You are viewing a plain text version of this content. The canonical link for it is here.
Posted to users@kafka.apache.org by Yonghui Zhao <zh...@gmail.com> on 2014/03/10 18:23:25 UTC

How kafka assign partition to stream

In my environment,  I have 2 brokers and only 1 topic,  each brokers has 10
partitions,
so there are 20 partitions in total.
I have 4 consumers in one consumer group,  each consumer use
createMessageStreams to create 10 streams, 40 streams in total.

Since partition can not be split,  so there are 20 streams are empty
streams.

We found 2 machines have 10 valid streams, but the other 2 have no valid
streams.
Is it expected?  Maybe each consumer has 5 valid streams is better for load
balance.

And I want to know if  one of the machines which have 10 valid streams is
dead,  will the the partitions be balanced to other machine dynamically?
 i.e. some empty stream in other machines will get data now.

Re: How kafka assign partition to stream

Posted by Guozhang Wang <wa...@gmail.com>.
Hi Yonghui,

In 0.8 the load balance logic in consumers is based on range partitioning
with consumer-id as {consumer-1-stream-1, consumer-1-stream-2, ...
consumer-1-stream-10, consumer-2-stream-1, ...} and partitions are assigned
to this list in round robin. So yes, this behavior is expected. If you are
going to live with 20 partitions in the near future I would recommend you
to reduce the number of partitions per machine to 5.

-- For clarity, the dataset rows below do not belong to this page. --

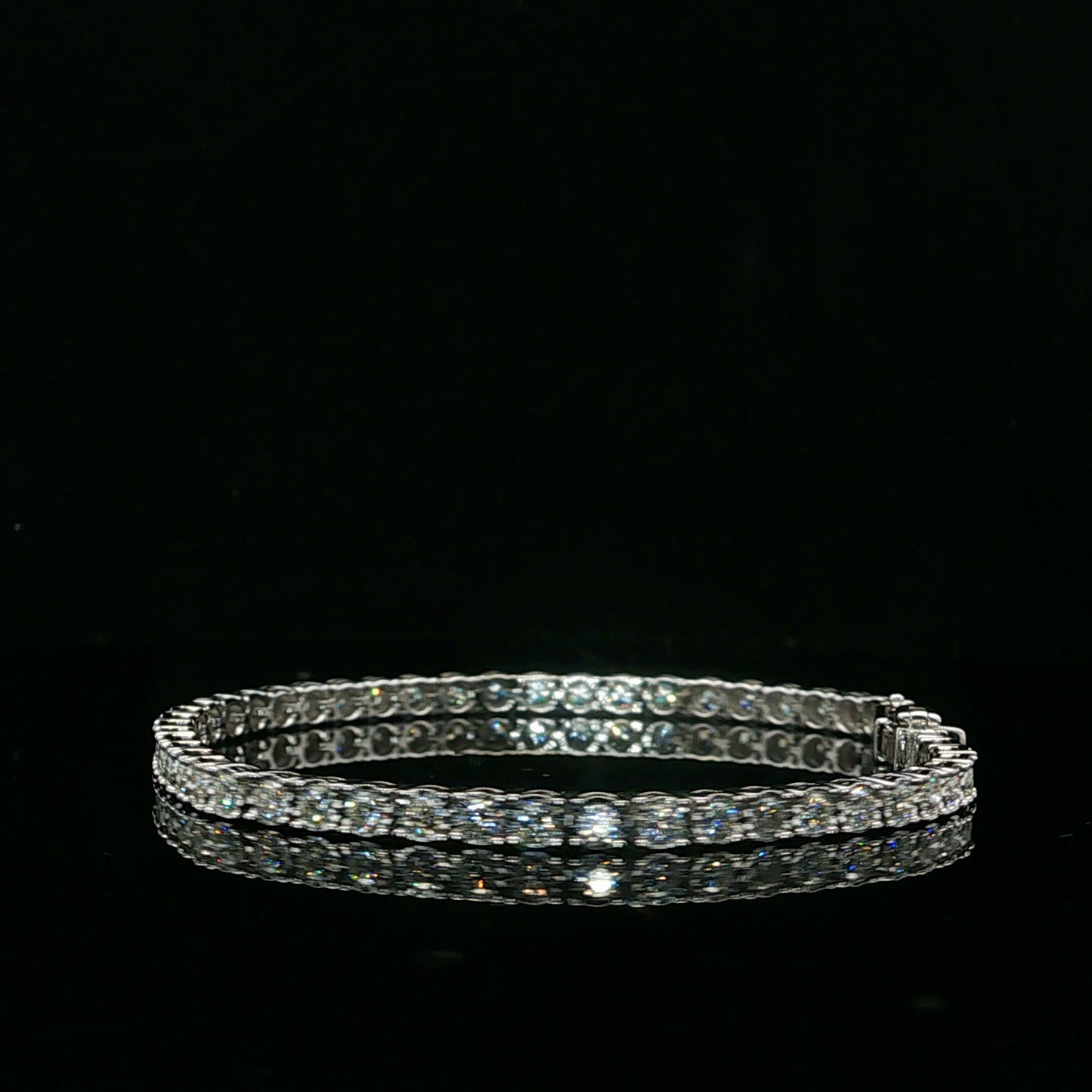 3.00ctw G/H/SI2 Tennis Bracelet - 10KW - Natural Diamond - 64251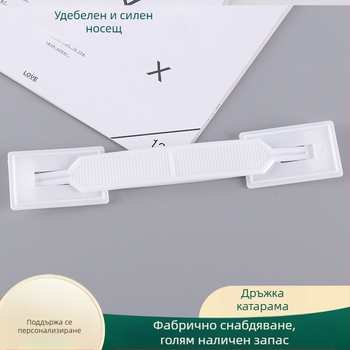 Прозрачен пластмасов държач за кутии за напитки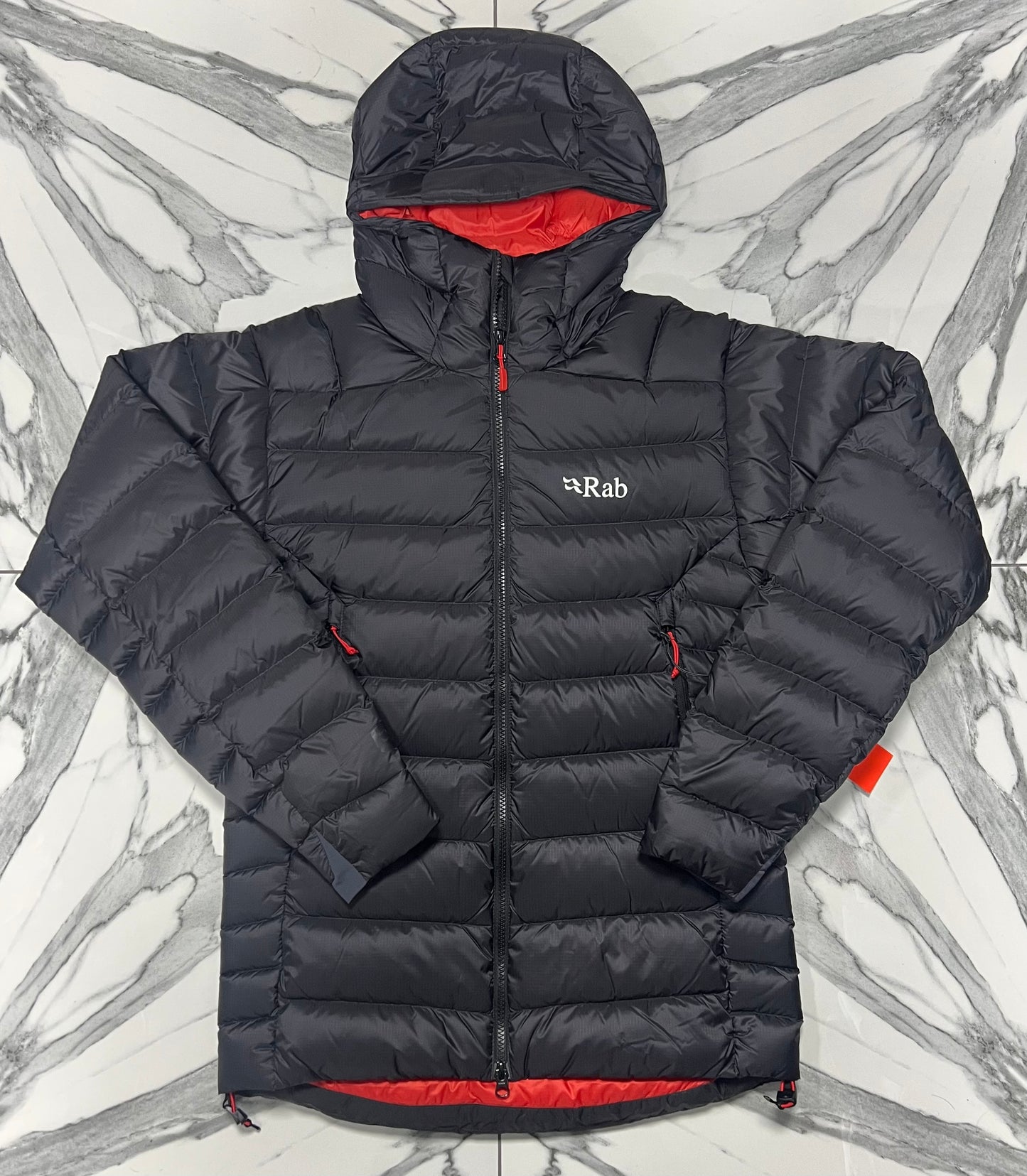 RAB Electron Pro - Black/Crimson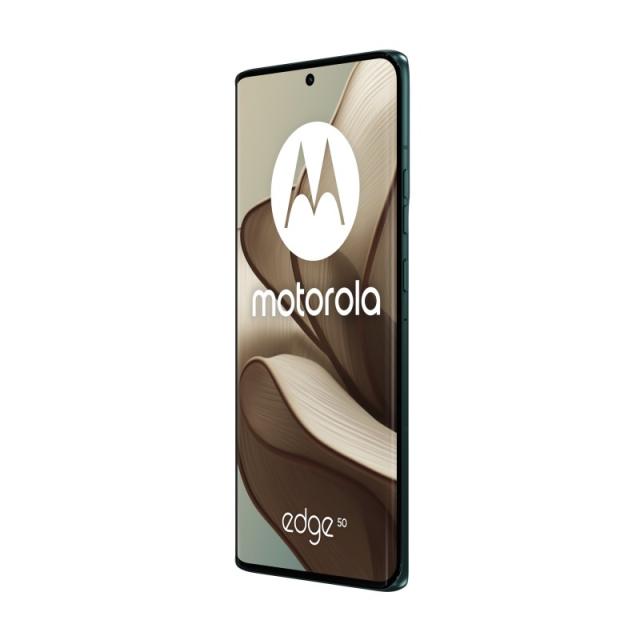 Motorola - edge 50 16,9 cm (6.67") SIM doble Android 14 5G USB Tipo C 12 GB 512 GB 5000 mAh Verde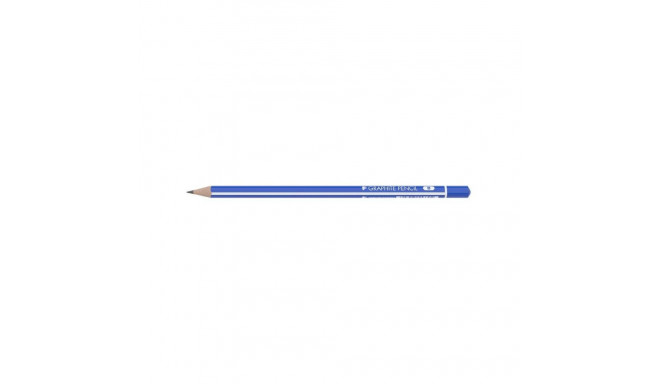 Graphite pencil, B, triangular, ICO "Signetta"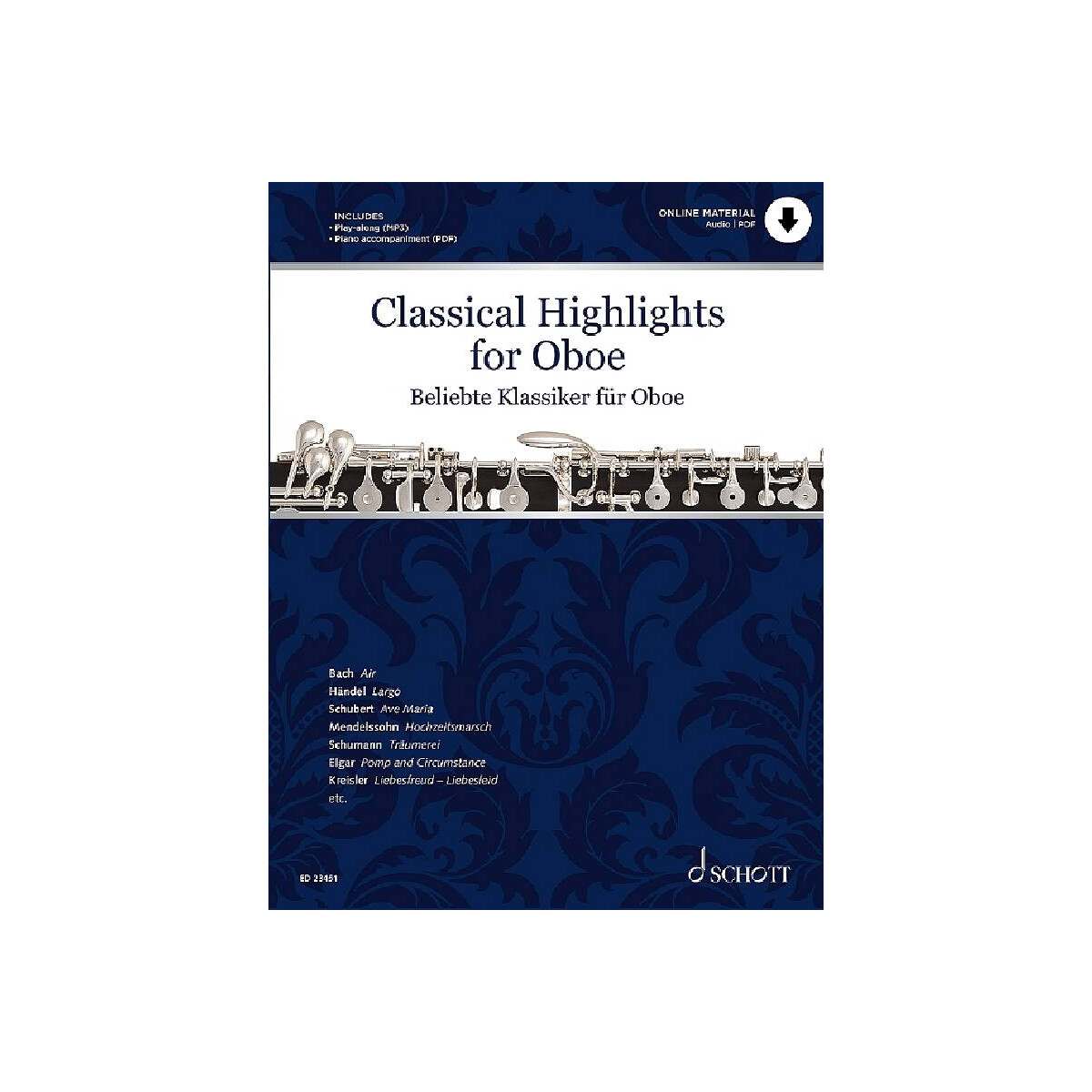 Classical Highlights (+Online Audio) box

To your second question the answer is Yes, the rebalance logic will be
triggered again (assuming consumer 1 is dead) but this time with consumer
list {consumer-2-stream-1, ...}, so for your case if just say the first one
is dead only the third one will get data, the forth one may still get zero
data.

Guozhang


On Mon, Mar 10, 2014 at 10:23 AM, Yonghui Zhao <zh...@gmail.com>wrote:

> In my environment,  I have 2 brokers and only 1 topic,  each brokers has 10
> partitions,
> so there are 20 partitions in total.
> I have 4 consumers in one consumer group,  each consumer use
> createMessageStreams to create 10 streams, 40 streams in total.
>
> Since partition can not be split,  so there are 20 streams are empty
> streams.
>
> We found 2 machines have 10 valid streams, but the other 2 have no valid
> streams.
> Is it expected?  Maybe each consumer has 5 valid streams is better for load
> balance.
>
> And I want to know if  one of the machines which have 10 valid streams is
> dead,  will the the partitions be balanced to other machine dynamically?
>  i.e. some empty stream in other machines will get data now.
>



-- 
-- Guozhang